My ex-mother in law came here, from Britain, in the 50s. I once ask her why she never applied for citizenship, and she was offended by the question... got all huffy and explained the benefits of being British.
Weird, you don't have to give up being British (in spirit or passport) to be a US citizen - neither have laws against dual citizenship. I'll always be from there, but this will most likely be my home for the rest of my life. That isn't a conflict.
#10
Posted 07 April 2011 - 06:54 PM
Can you really register as a communist? I know you were joking, but isn't that a question on the citizenship form?
There's a question about whether you ever joined the communist party on the citizenship application, not sure what happens if you say yes. At the ceremony you have to answer 8 questions about what you've done since interview - traveled, divorced/married, committed a crime, taken drugs, become a habitual drunkard or my favourite - practiced polygamy, etc etc as well as the communist party question.
They gave us a (separate) voter registration at the ceremony - we could register as Dem, GOP, Green, Independence and I think one other, or none from what I recall.
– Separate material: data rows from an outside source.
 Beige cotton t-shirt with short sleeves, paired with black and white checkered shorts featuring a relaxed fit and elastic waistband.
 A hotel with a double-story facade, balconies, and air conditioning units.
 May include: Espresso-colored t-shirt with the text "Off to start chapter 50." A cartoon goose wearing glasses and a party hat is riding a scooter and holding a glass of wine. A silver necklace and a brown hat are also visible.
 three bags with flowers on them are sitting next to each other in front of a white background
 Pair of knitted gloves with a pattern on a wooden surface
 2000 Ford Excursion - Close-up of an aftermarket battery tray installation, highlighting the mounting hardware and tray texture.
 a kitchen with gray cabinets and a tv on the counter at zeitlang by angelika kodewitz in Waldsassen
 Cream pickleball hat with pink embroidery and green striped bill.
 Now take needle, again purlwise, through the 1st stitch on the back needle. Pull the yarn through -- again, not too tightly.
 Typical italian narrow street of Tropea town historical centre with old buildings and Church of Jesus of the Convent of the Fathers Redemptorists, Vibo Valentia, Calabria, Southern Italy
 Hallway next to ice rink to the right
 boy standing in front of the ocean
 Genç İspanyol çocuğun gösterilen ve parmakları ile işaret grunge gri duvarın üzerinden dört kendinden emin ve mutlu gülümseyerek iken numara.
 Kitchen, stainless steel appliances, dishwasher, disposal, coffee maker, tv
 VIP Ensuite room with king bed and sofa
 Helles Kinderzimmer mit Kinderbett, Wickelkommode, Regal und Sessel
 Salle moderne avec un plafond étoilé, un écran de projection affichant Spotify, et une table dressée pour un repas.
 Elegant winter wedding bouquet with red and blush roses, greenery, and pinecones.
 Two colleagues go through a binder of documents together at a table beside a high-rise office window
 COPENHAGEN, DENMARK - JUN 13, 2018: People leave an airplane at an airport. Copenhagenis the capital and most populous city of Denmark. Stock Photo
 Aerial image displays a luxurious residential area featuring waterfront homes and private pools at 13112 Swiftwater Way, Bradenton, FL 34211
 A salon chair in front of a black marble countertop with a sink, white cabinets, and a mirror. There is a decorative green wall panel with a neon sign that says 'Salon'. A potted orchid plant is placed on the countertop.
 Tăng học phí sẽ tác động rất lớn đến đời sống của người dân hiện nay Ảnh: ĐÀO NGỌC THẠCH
Was definitely one of the positives that they pushed voting as a responsibility as well as a right. You couldn't register as communist.
#14
Posted 07 April 2011 - 08:02 PM
Congrats!
My ex-mother in law came here, from Britain, in the 50s. I once ask her why she never applied for citizenship, and she was offended by the question... got all huffy and explained the benefits of being British.
Weird, you don't have to give up being British (in spirit or passport) to be a US citizen - neither have laws against dual citizenship. I'll always be from there, but this will most likely be my home for the rest of my life. That isn't a conflict.
I can't remember the reasons???
Curiously, IIRC, natural born American citizens can't hold dual citizenship??? I don't know where I got that from, but it seems that I read somewhere long ago.